Dabei ist 1,96 der z-Wert, der sich für das angestrebte Konfidenzniveau von 95 % aus der Standardnormalverteilung ergibt, 2,0 (cm) ist die Standardabweichung und 1,0 (cm) ist die Fehlergrenze.

Der Stichprobenumfang müsste also mindestens 16 betragen. Würden die 16 Körpergrößen der Stichprobe aufaddiert und durch 16 geteilt, erhielte man den Mittelwert, z.B. 1,80 m.

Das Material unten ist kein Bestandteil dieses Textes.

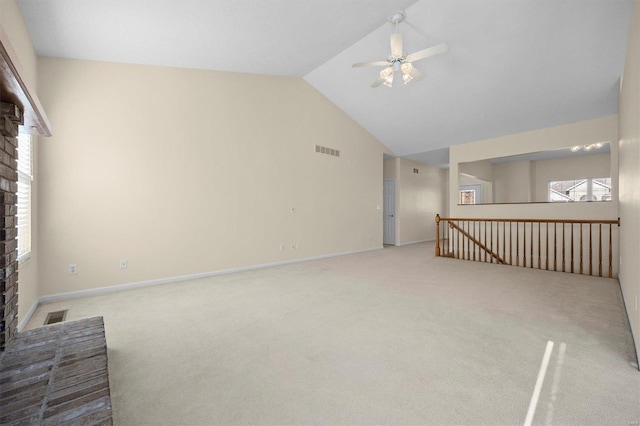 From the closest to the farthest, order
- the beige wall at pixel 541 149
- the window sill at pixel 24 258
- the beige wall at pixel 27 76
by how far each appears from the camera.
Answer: the beige wall at pixel 27 76 < the window sill at pixel 24 258 < the beige wall at pixel 541 149

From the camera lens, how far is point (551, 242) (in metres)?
6.14

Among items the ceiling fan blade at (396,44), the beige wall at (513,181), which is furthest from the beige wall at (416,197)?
the ceiling fan blade at (396,44)

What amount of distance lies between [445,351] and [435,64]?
4.52 meters

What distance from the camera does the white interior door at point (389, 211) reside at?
8.66 m

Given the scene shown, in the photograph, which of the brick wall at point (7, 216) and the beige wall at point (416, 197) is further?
the beige wall at point (416, 197)

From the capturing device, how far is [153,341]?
240 cm

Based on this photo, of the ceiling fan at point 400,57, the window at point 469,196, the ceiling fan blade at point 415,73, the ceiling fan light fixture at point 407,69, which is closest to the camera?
the ceiling fan at point 400,57

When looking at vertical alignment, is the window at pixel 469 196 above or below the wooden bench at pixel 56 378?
above

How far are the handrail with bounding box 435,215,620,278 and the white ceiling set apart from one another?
1.99 meters

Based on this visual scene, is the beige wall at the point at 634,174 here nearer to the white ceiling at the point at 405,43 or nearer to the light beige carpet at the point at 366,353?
the light beige carpet at the point at 366,353

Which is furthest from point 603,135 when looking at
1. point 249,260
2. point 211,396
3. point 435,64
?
point 211,396

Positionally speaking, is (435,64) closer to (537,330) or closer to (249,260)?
(537,330)

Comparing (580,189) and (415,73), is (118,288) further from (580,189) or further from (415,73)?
(580,189)

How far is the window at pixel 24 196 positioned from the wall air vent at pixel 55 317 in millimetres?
656
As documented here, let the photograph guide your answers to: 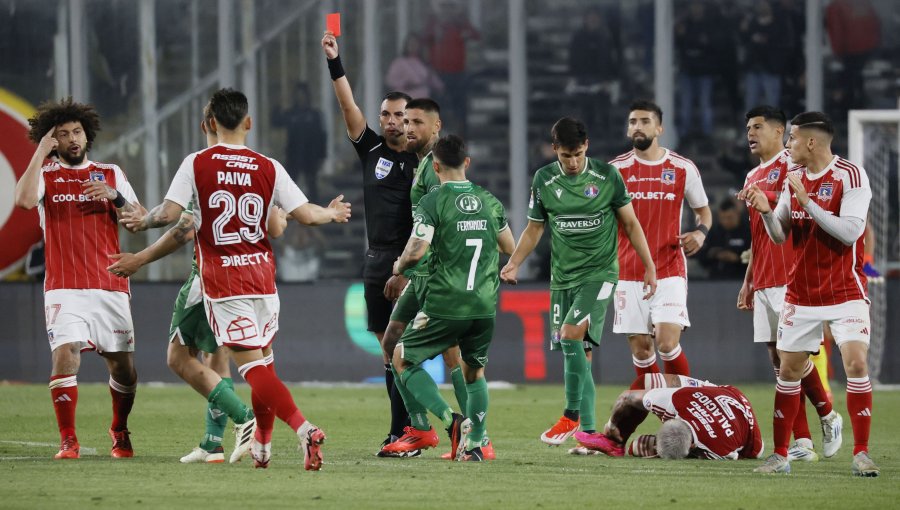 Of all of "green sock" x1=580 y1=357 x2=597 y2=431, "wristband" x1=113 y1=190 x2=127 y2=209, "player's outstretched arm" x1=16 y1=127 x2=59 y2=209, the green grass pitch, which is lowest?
the green grass pitch

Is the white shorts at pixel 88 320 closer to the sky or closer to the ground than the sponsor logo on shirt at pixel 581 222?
closer to the ground

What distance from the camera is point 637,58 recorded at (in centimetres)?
1989

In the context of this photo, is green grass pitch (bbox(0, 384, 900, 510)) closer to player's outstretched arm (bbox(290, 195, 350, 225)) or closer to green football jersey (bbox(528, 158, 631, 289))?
green football jersey (bbox(528, 158, 631, 289))

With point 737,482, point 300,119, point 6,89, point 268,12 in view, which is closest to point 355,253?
point 300,119

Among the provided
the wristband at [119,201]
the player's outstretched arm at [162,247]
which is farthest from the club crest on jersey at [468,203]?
the wristband at [119,201]

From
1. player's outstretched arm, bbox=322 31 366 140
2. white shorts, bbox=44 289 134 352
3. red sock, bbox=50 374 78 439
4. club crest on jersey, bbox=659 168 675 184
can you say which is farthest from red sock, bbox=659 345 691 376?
red sock, bbox=50 374 78 439

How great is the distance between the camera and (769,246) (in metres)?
10.5

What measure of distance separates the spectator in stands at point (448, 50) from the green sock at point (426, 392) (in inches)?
425

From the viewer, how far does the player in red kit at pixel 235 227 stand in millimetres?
8609

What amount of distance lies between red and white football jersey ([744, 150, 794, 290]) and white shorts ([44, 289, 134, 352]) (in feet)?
14.0

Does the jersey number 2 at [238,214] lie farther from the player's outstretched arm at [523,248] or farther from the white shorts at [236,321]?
the player's outstretched arm at [523,248]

Unter Angabe der Fehlergrenze und des Konfidenzniveaus könnte man sagen: Mit einer Wahrscheinlichkeit von 95 % ist die durchschnittliche Körpergröße 180 cm +/- 1 cm (liegt also im Intervall 1,79 bis 1,81 m).

Aufgrund der Quadrierung in der Formel wirken sich Änderungen der Parameter überproportional aus: wäre die Standardabweichung mit 4 cm statt 2 cm doppelt so hoch, würde sich der Stichprobenumfang auf 62 fast vervierfachen; ebenso, wenn man die Fehlergrenze von 1,0 cm auf 0,5 cm halbieren würde.